VSARA > Partner > Assistance > Resource-Library > Digital

Digitization & Digital Preservation


Digitization of historic materials has many benefits. It can be part of a preservation strategy for at risk materials, by limiting the handling of the originals, and digitization can be a great way to increase access to materials if the digital versions are made freely available online. However, not everything can or should be digitized: digitization takes resources, requires the right to reproduce the materials, and some collections don’t warrant item-level attention.

Following the basic framework below can help to focus and plan a digitization project. In addition, find introductory information about digitization from the State Archives of North Carolina, the Pennsylvania Historical and Museum Commission, the Pennsylvania Historical Society, and the Utah Division of Archives and Records Service.

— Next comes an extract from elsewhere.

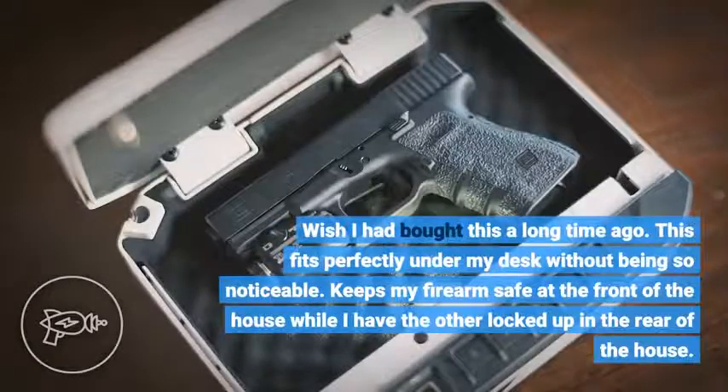I wish I had bought this a long time ago. This fits perfectly under my desk without being so noticeable. Keeps my firearm safe at the front of the house while I have the other locked up in the rear of the house.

It is crucial to plan the entire project in some detail before you begin. Understand why you want to digitize and what the outcomes will be. Then, set your benchmarks and procedures for scanning, and detail how you will capture metadata. Finally, you will need to have a plan for storage, access, and preservation. Connecting to Collections Care has a webinar about the basics of a digitization project, and Recollection Wisconsin and the Minnesota Historical Society both have basic digital project planning worksheets that can be very helpful in planning your project.

Selection

You should ask some basic questions about the materials you are considering for digitization before moving forward.

  • Do the materials meet the mission and goals of your institution?
  • Are the materials important enough to warrant the time and money spent on digitization?
  • Will there be enough research demand for these materials? Or will the materials be relevant to a community event or historic milestone?
  • Do you have the right to copy the materials? Do you have the right to make them available on site and/or online?
  • Are there any privacy or confidentiality restrictions within the materials?
  • Are the materials stable enough to go through the physical handling of scanning or photographing?

If the answer is no to any of these questions, the materials may not be a good candidate for digitization.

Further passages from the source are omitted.